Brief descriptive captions
- Opening Delimiter -

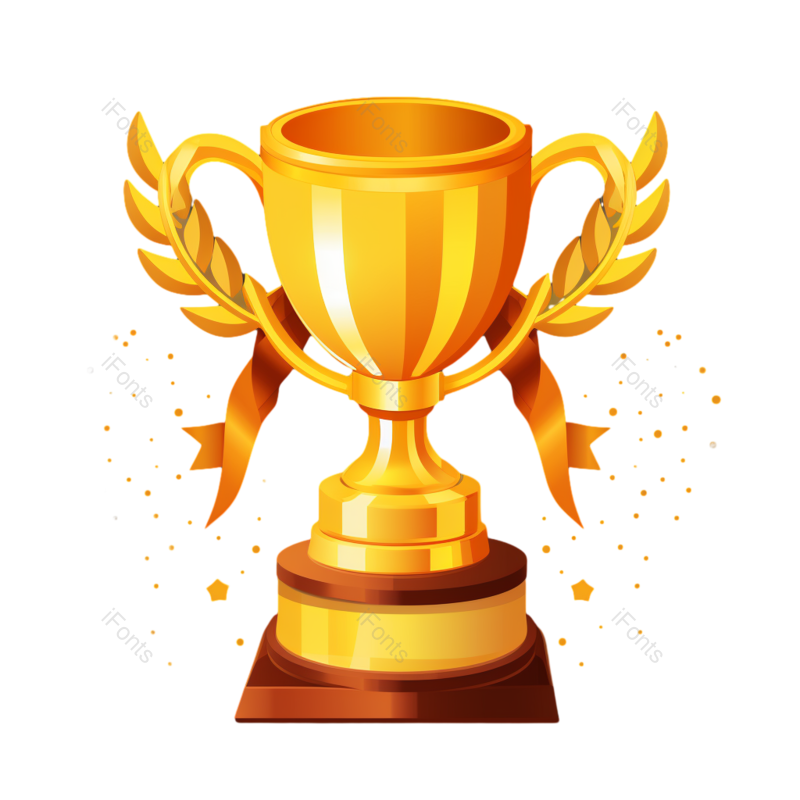 奖杯图片,奖章元素,黑色背景PNG,灰色背景免抠素材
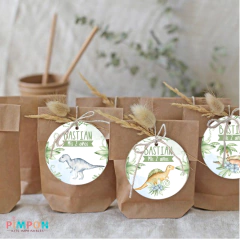 Kit imprimible personalizado - Dinosaurios acuarela mod. 01 (verde)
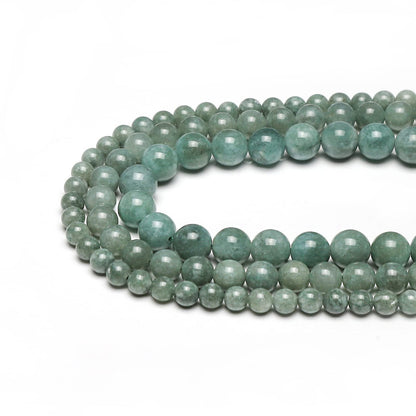 60pcs 6mm Burmese Jade Loose Beads for Jewelry Making, Natural Semi Precious Beads Round Smooth Gemstone Spacer Beads Charms for Necklaces Bracelets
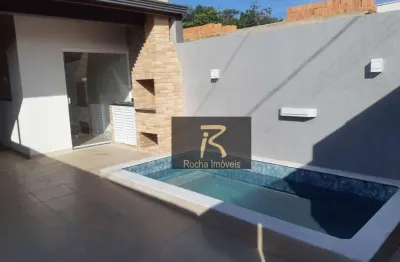 Casa com piscina  2 dormitórios à venda, 92 m² por r$ 380.000 - parque balneário oásis - peruíbe/sp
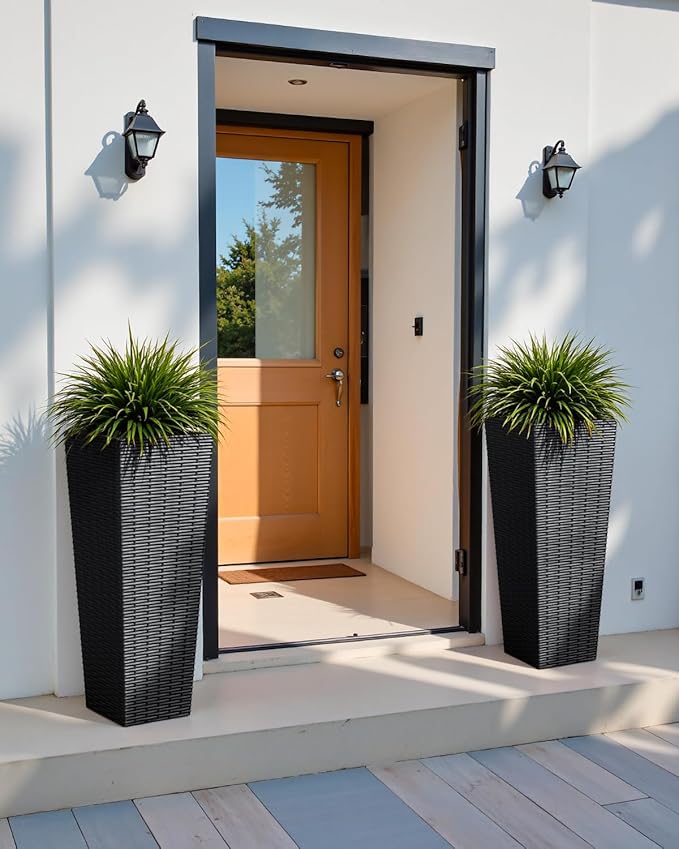 Greesum 32 Inch Tall Plastic Planters with Rattan Texture – Set of 2, Detachable Inner Pot & Drainage Holes, Indoor/Outdoor Decorative Flower Pots for Large Plants, Trees, Patio, and Garden, Black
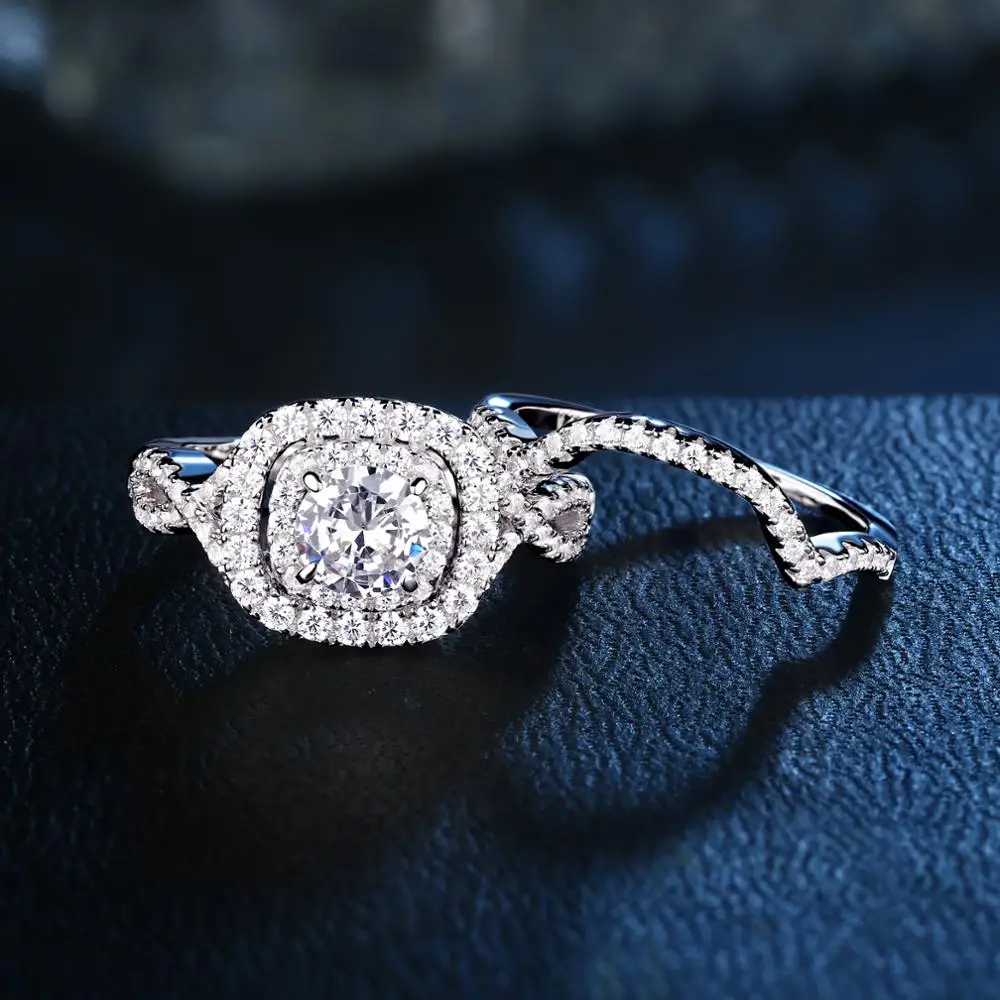 Newshe 2 шт. наборы свадебных колец классические ювелирные изделия 1.9Ct AAA CZ подлинные 925 стерлингового серебра обручальные кольца для женщин JR4844
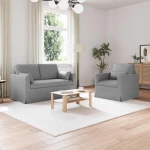 Καναπές 120cm 2 pcs Ανοιχτό γκρι Μέταλλο Ανοιχτό γκρι 3407493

- Closing Delimiter -

What this task involves
Without the pictures, copy out each entry exactly as it stands.

Task response
 奖杯图片,奖章元素,黑色背景PNG,灰色背景免抠素材
 Kit imprimible personalizado - Dinosaurios acuarela mod. 01 (verde)
 60pcs 6mm Burmese Jade Loose Beads for Jewelry Making, Natural Semi Precious Beads Round Smooth Gemstone Spacer Beads Charms for Necklaces Bracelets
 Casa com piscina  2 dormitórios à venda, 92 m² por r$ 380.000 - parque balneário oásis - peruíbe/sp
 Greesum 32 Inch Tall Plastic Planters with Rattan Texture – Set of 2, Detachable Inner Pot & Drainage Holes, Indoor/Outdoor Decorative Flower Pots for Large Plants, Trees, Patio, and Garden, Black
 Newshe 2 шт. наборы свадебных колец классические ювелирные изделия 1.9Ct AAA CZ подлинные 925 стерлингового серебра обручальные кольца для женщин JR4844
 Καναπές 120cm 2 pcs Ανοιχτό γκρι Μέταλλο Ανοιχτό γκρι 3407493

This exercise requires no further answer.